Before I hand it over to Lindsay, I want to reiterate our view on this moment in time. We continue to be bullish on the structural dynamics in our industry. Beauty is a large category with attractive secular characteristics. Consumers continue to migrate online and towards the high-efficacy products. We believe incumbents are a disadvantage to meet this demand while we are set up for well gained share. We are working tirelessly to get back to our historical strong position. As a company, we have navigated algorithmic adjustments by our ad partners in the past with success.
We are hopeful based on the improvements we see today that we will resolve this dislocation and get back to our long track record of consistent strong growth and attractive profitability. We have seen no reason that we couldn't solve what we believe is a technical problem as we have in the past. With that, I will turn it over to Lindsay.

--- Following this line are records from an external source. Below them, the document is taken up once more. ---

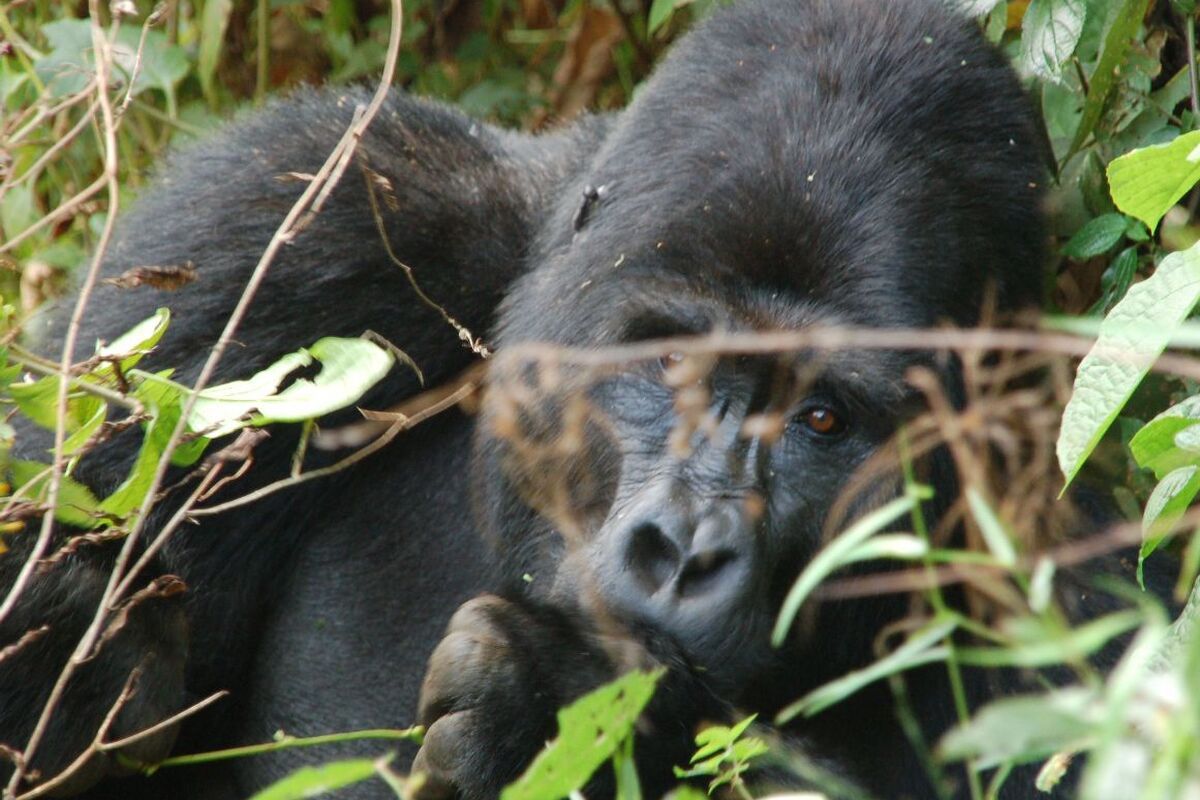 De berggorilla's van Uganda 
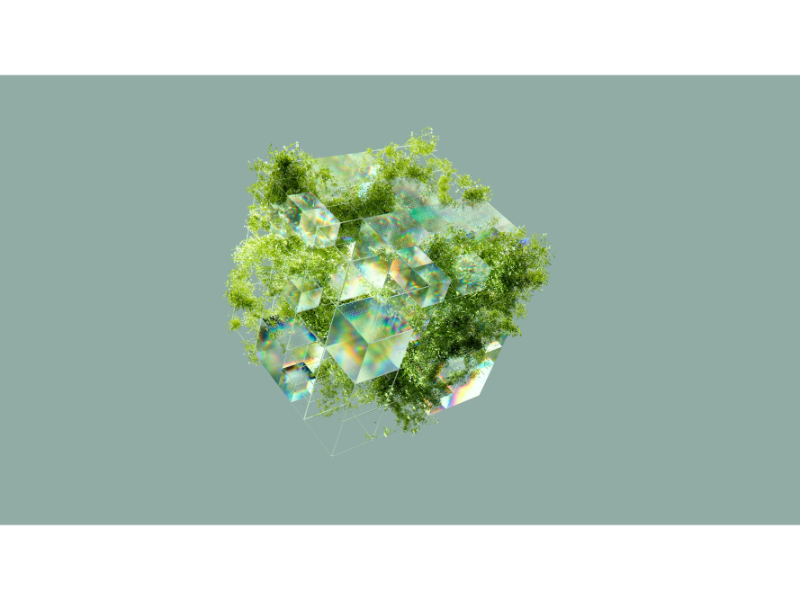 Sustainable tech solutions: Biodegradable Electronics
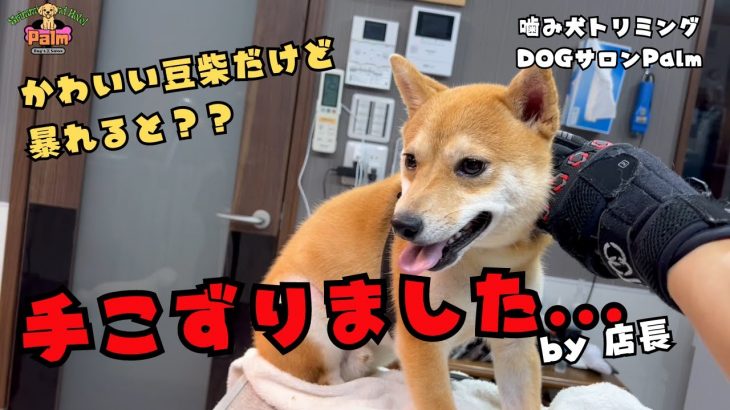 暴れん坊な豆柴の噛み犬グルーミング！！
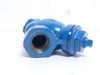 Titan YS12I0075; Strainer "Y" Pattern; 3/4NPT; 250PSI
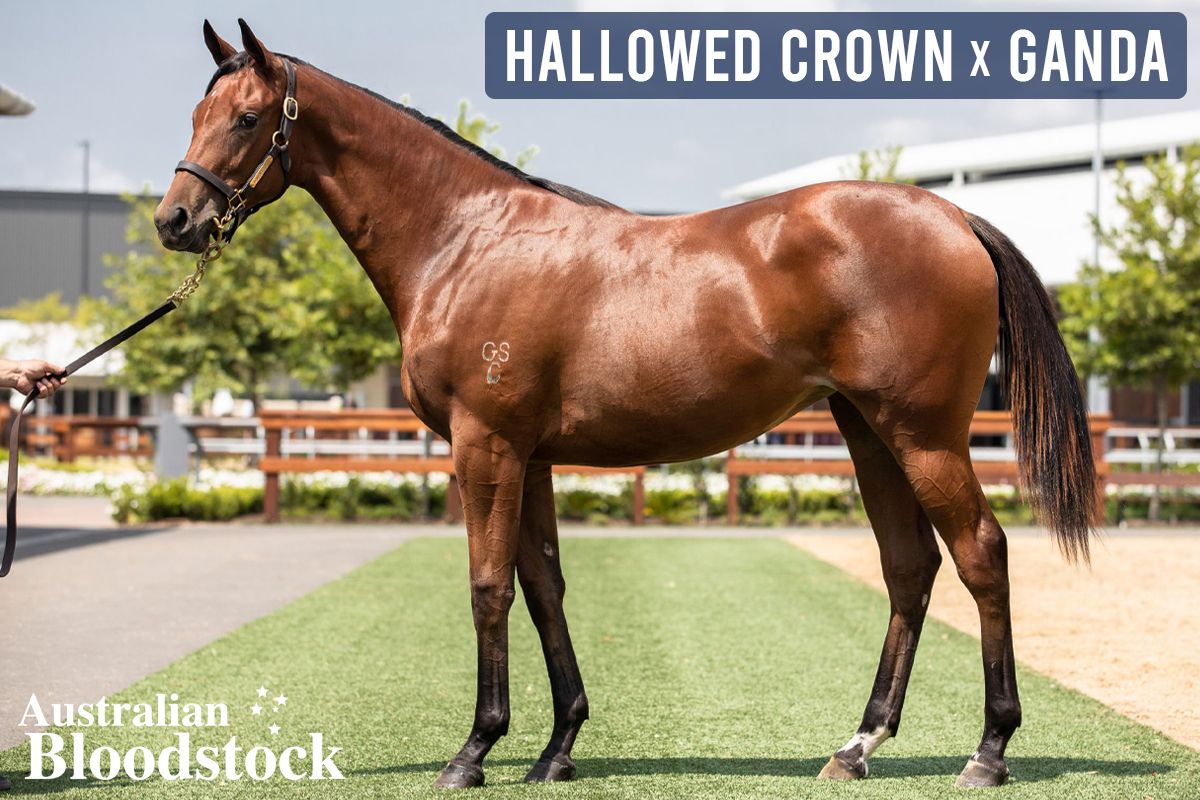 Hallowed Crown X Ganda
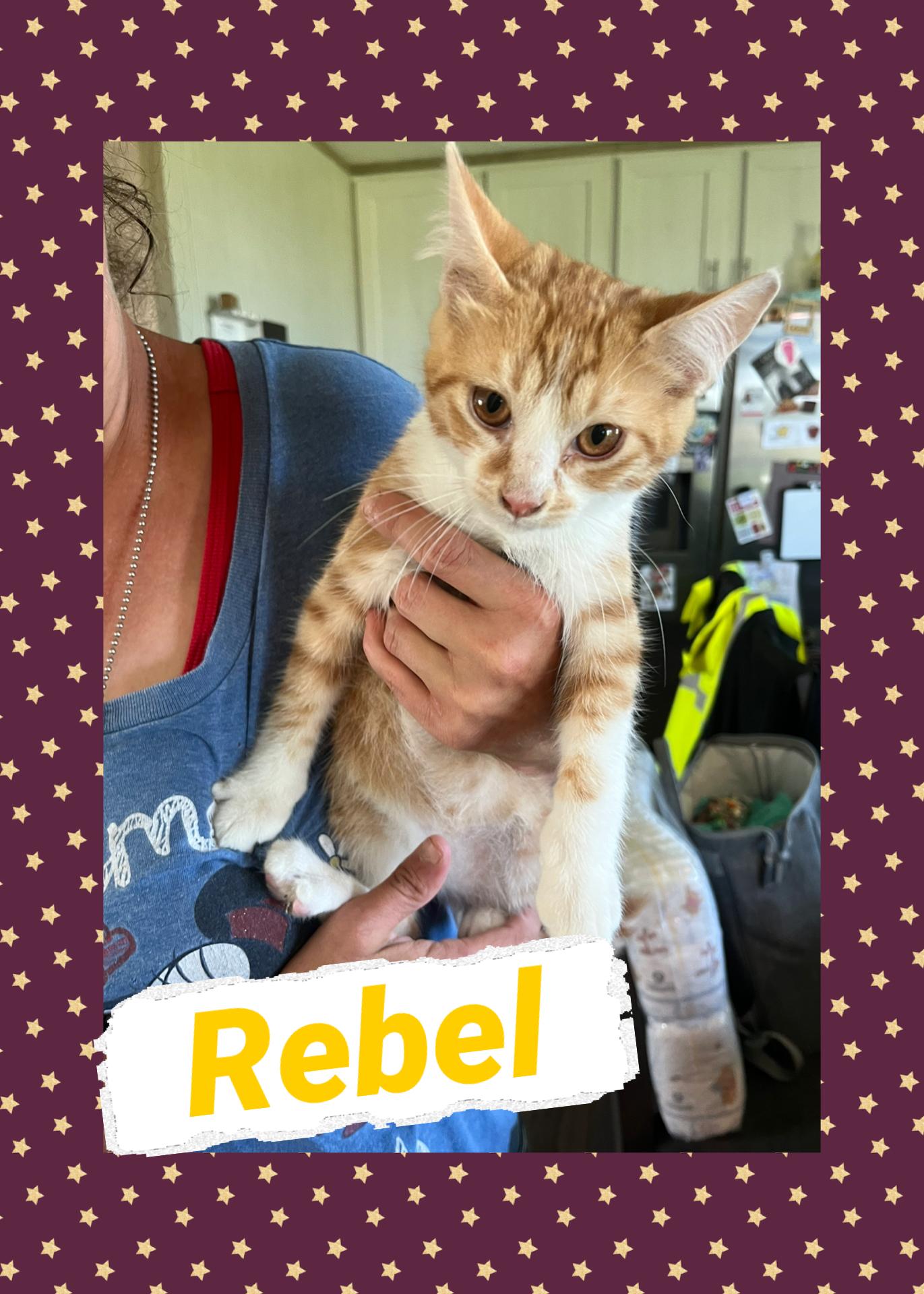 Rebel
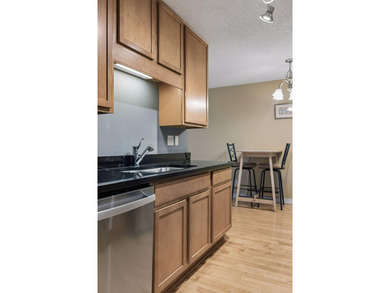 Welcome to the Lowry Hill Park Condominiums! Located directly - photo 13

Lindsay Mann: Thanks, Oran. Let's turn to our Q1 results, which I will refer to on an adjusted basis. You can find the full reconciliation to GAAP in our press release. Net revenue declined 26%, slightly less negative than our expectation of an approximate 30% decline. The decline was driven largely by first orders, which declined by around 50%, driven by the significant reduction in our acquisition efficiency due to the abnormal higher CPA. Repeat orders declined by around 15%, mainly attributed to a decline in Q1 first orders and a decline in the proportion of our repeat that is more sensitive to acquisition spend. Repeat sales represented approximately 2/3 of our net revenue this quarter versus approximately 56% in Q1 '25.
AOV declined low single digits driven by higher mix of SpoiledChild versus IL MAKIAGE and product mix. Gross margin was 69.7%, compressing approximately 520 basis points year-over-year. The compression was driven in part by product mix and lower AOV. Our remediation activity during the quarter created some temporary noise in the P&L. We ran many tests to try and isolate the technical problem, and this included turning off different tech products, funnel offerings and testing different TBYB return policies. These changes had a temporary negative impact on our Q1 margins. We delivered adjusted EBITDA of negative $7 million.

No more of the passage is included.